WOW Sophia Kristjansson | Diversity Inclusion And Belonging

 

I believe also from a moral perspective that organizations live in communities. Organizations are living things and they need to give back to their communities. They need to be developing people in their communities. They could be potential employees at some point. Maybe not, but they have a responsibility to give back to the communities in which they live. From an ally standpoint, it is one of those big topics that at least we talk about in the United States that’s part and parcel of DEI.

I believe that as an ally and as a White person working in this space, my responsibility is to uplift people who might not have had the same opportunities that I have by virtue of the fact that they don’t have the same skin color that I have. We all thrive together. That’s what I believe. That’s the thing that I expect from my clients. It’s an all-in.

I love that phrase all in. We all thrive together. I thought that was nice. That struck me in the sense that we are joined up and connected and that we thrived together. Something that popped into my mind when you were speaking there is the story about Ford Motor Company when it started, the raising of employee salaries, the reduction of employee hours, and the belief that to some extent, if you do that and include and share that across your population, you’ll create more people to buy into your product. That’s what you’re driving there. The more people we include in our employment practices, the more people can be part of a business from a business perspective. That fits in with that profit and bottom line piece.

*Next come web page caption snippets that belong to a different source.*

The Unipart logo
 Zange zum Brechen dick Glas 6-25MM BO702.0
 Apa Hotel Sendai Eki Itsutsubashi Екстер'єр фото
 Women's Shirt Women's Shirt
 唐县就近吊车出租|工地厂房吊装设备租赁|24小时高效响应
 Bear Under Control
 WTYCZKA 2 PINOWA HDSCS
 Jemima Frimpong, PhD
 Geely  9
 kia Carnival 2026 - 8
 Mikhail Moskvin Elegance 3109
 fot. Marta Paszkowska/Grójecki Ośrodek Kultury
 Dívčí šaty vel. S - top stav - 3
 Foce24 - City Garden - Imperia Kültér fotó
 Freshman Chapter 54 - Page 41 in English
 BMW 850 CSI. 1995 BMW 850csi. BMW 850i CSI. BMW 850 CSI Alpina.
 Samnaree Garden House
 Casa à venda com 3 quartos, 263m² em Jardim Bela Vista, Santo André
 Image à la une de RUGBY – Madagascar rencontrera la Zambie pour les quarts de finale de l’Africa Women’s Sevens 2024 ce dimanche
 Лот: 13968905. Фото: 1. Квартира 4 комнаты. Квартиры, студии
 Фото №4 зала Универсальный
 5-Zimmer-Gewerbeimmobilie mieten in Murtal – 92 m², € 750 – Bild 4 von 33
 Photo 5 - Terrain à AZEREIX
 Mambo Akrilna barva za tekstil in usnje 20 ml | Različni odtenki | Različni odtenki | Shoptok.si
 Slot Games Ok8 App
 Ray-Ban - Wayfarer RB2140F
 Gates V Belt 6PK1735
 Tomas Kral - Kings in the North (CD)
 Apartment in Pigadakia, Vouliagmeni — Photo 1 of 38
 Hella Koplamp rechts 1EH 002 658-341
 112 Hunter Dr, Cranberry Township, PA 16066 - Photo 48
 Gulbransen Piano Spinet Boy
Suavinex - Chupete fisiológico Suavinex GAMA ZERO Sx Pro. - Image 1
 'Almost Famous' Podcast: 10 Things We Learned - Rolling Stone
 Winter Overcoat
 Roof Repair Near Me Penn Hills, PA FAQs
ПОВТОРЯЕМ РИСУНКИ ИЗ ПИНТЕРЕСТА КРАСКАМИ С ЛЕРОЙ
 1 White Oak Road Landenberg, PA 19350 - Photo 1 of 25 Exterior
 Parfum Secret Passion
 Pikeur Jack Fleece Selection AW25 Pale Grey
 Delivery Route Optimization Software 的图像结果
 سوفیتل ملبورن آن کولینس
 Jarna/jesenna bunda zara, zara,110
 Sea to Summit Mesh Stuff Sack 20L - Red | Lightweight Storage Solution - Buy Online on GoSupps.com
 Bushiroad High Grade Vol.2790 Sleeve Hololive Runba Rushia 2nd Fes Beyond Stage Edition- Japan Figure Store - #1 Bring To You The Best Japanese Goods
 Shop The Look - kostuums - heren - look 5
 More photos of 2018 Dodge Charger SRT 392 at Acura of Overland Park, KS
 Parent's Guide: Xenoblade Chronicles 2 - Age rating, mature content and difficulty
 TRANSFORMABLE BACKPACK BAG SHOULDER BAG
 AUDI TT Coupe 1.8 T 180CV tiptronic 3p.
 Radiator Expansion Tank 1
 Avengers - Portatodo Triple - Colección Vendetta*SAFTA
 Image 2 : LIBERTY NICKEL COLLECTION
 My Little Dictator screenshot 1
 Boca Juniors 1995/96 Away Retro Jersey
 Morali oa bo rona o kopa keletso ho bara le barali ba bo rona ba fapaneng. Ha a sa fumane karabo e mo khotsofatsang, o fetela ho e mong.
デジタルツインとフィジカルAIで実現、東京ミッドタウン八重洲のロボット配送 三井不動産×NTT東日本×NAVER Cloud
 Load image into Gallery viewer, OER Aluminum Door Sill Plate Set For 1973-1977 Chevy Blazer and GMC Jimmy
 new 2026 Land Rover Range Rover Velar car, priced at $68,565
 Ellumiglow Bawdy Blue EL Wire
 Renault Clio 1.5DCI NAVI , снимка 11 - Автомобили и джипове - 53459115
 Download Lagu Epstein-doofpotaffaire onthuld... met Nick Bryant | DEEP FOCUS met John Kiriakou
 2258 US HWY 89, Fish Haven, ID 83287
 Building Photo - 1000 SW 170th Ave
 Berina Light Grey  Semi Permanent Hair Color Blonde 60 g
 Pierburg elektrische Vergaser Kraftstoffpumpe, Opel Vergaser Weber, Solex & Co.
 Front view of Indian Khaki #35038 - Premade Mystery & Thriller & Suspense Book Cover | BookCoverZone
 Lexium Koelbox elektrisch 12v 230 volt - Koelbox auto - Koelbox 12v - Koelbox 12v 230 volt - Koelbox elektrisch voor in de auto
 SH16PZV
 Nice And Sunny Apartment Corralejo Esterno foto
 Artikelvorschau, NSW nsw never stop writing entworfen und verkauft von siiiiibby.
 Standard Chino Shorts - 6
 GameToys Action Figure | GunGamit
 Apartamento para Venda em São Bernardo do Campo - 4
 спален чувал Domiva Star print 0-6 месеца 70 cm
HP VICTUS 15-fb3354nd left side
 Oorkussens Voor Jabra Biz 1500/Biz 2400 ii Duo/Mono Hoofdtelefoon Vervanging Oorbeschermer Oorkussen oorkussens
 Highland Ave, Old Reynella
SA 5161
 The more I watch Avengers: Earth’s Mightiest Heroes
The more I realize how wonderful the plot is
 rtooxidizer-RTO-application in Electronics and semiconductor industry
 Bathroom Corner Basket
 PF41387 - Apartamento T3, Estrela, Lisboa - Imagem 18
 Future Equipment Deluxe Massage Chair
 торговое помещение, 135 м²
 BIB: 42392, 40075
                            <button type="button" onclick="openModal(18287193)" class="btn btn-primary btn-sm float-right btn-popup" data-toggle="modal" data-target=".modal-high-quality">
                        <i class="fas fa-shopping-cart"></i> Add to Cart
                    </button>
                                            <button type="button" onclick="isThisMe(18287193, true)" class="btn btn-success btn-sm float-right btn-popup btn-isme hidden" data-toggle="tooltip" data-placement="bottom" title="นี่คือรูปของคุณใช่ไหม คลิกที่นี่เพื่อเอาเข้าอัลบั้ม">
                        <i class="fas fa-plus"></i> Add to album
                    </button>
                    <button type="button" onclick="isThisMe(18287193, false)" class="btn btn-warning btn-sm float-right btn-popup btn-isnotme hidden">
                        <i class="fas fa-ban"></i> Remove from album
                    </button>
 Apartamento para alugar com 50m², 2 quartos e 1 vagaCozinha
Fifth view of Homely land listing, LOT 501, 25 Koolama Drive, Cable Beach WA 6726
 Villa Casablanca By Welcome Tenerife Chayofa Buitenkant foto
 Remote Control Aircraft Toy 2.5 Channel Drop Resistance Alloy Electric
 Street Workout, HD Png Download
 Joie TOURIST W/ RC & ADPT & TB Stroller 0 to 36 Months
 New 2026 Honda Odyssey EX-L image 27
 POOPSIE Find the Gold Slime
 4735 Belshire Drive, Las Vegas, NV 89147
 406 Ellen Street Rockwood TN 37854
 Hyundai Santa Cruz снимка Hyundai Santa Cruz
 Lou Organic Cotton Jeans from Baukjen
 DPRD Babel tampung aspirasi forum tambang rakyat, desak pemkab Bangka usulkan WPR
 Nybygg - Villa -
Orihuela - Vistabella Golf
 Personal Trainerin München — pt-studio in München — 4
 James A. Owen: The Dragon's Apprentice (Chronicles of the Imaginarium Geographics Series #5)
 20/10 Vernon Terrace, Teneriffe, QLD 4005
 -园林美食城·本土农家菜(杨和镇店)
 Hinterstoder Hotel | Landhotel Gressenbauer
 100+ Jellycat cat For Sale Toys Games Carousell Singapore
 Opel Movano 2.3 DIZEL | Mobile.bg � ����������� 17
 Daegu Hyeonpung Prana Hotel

You talked about helping others thrive and that connection to our communities. It feels like as organizations, we’re part of an ecosystem. Organizations have a role to influence the ecosystem they’re in, as well as to be influenced by it. That’s interesting but there’s much complexity in that space. It’s great to get both that business case and moral case down there. If we talk about diversity and inclusion, those terms are fairly understood by people, but I wanted to jump up on that belonging phrase now. Could you say a little bit more about belonging and how that fits within this? What is the relation between belonging, inclusion, and diversity?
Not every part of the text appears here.